Strafbarkeit des AGG-Hoppings

Der Bundesgerichtshof beschäftigte sich mit dem sogenannten AGG-Hopping, also mit Scheinbewerbungen auf Stellenangebote, die allein darauf abzielen, Entschädigungen wegen Diskriminierung nach dem AGG zu beanspruchen. Dem 1. Strafsenat reichte die Begründung der Täuschungshandlung nicht aus: Wer eine solche Entschädigung geltend mache, ohne ausdrücklich auf die Motivation der Bewerbung einzugehen, täusche nicht – auch nicht konkludent – über die Ernsthaftigkeit der Bewerbung.

Mit "AGG-Hopping" eine Einnahmequelle erschlossen?

Ein Mann in den Vierzigern bewarb sich 2011 und 2012 in zwölf Fällen auf ausgeschriebene Stellenangebote, obwohl sein Profil nicht gut auf die Stellen passte – es handelte sich beispielsweise um Stellen für Berufseinsteiger. Nach der Ablehnung beauftragte er seinen Bruder, einen Rechtsanwalt, mit der Geltendmachung einer Entschädigung wegen Altersdiskriminierung nach dem AGG. In allen zwölf Fällen blieb das außergerichtliche Schreiben ohne Erfolg, erst vor Gericht erreichte der Anwalt in zehn Fällen einen Vergleich. Das Landgericht München I verurteilte den Rechtsanwalt wegen versuchten oder vollendeten Betrugs in allen Fällen zu einer Gesamtfreiheitsstrafe von sechzehn Monaten, die es zur Bewährung aussetzte. Die Richter gingen davon aus, dass der Bruder lediglich Scheinbewerbungen versendet hatte, um eine Ablehnung zu provozieren und einen Entschädigungsanspruch nach dem AGG auszulösen, den der Anwalt dann im Einklang mit ihm geltend gemacht habe. Dagegen wandte sich der Jurist mit Erfolg an den Bundesgerichtshof.

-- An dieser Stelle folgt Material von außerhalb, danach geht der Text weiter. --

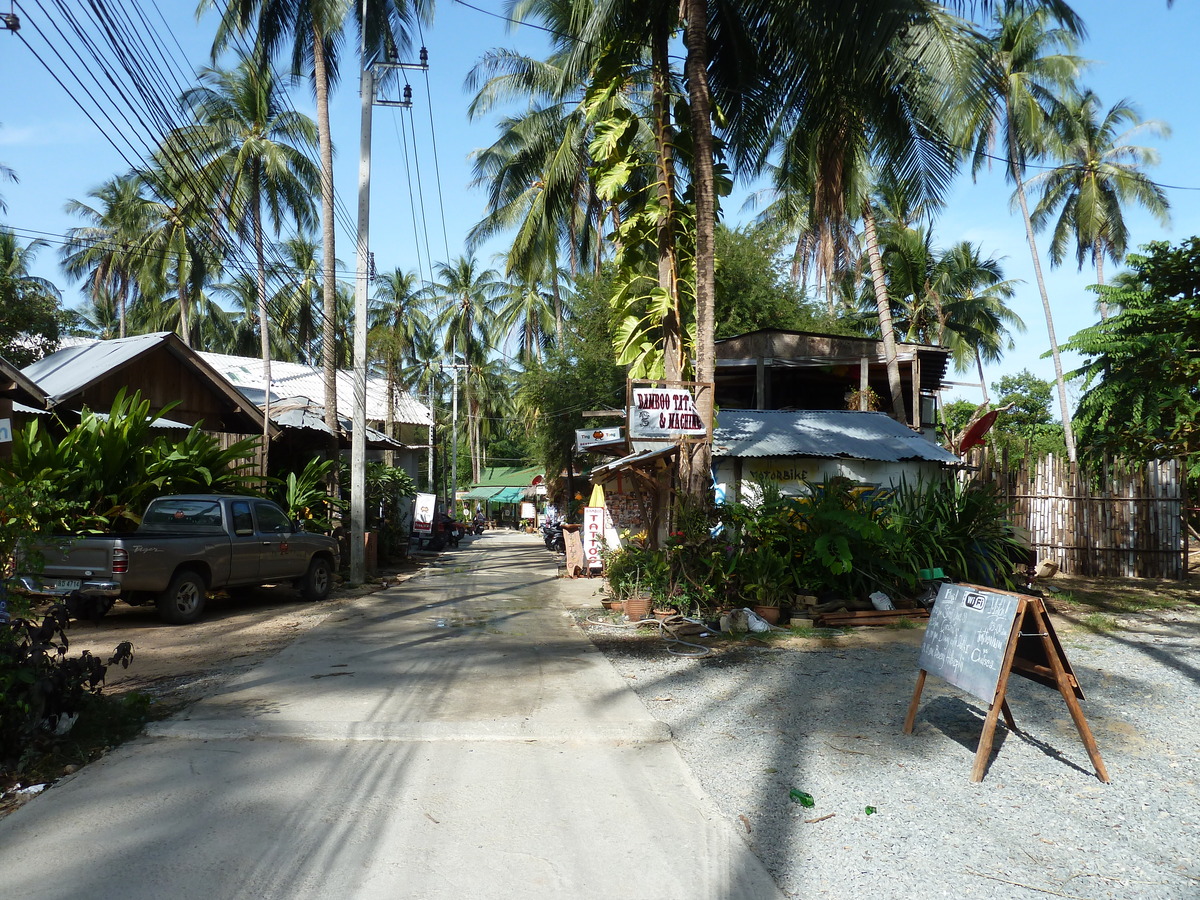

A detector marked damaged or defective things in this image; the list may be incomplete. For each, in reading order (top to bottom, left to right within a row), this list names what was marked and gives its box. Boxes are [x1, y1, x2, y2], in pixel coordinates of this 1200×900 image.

Aufforderungsschreiben belegt keine Täuschung

Der BGH hob die Schuldsprüche in allen zwölf Fällen auf, weil das Landgericht fehlerhaft angenommen habe, schon in der außergerichtlichen Geltendmachung liege die Täuschung ihrer Adressaten über die Ernsthaftigkeit der Bewerbung. Der 1. Strafsenat lehnte das ab, denn der Anwalt war in dem Schreiben gar nicht auf die Motivation der Bewerbung eingegangen und hatte damit keine falsche Tatsachenbehauptung aufgestellt. Auch eine konkludente Täuschung vermochte der BGH in dem Forderungsschreiben nicht zu erblicken, denn nicht jeder Arbeitgeber interpretiere in das Schreiben die Behauptung hinein, dass die vorherige Bewerbung ernsthaft gewesen sei. Auch das Bundesarbeitsgericht treffe diesbezüglich keine generelle Aussage zum objektiven Empfängerhorizont, sondern beurteile die Erwartung eines jeden Adressaten gesondert. Eine allgemeine Erwartung, der andere werde sich redlich verhalten, kenne der Rechtsverkehr nicht.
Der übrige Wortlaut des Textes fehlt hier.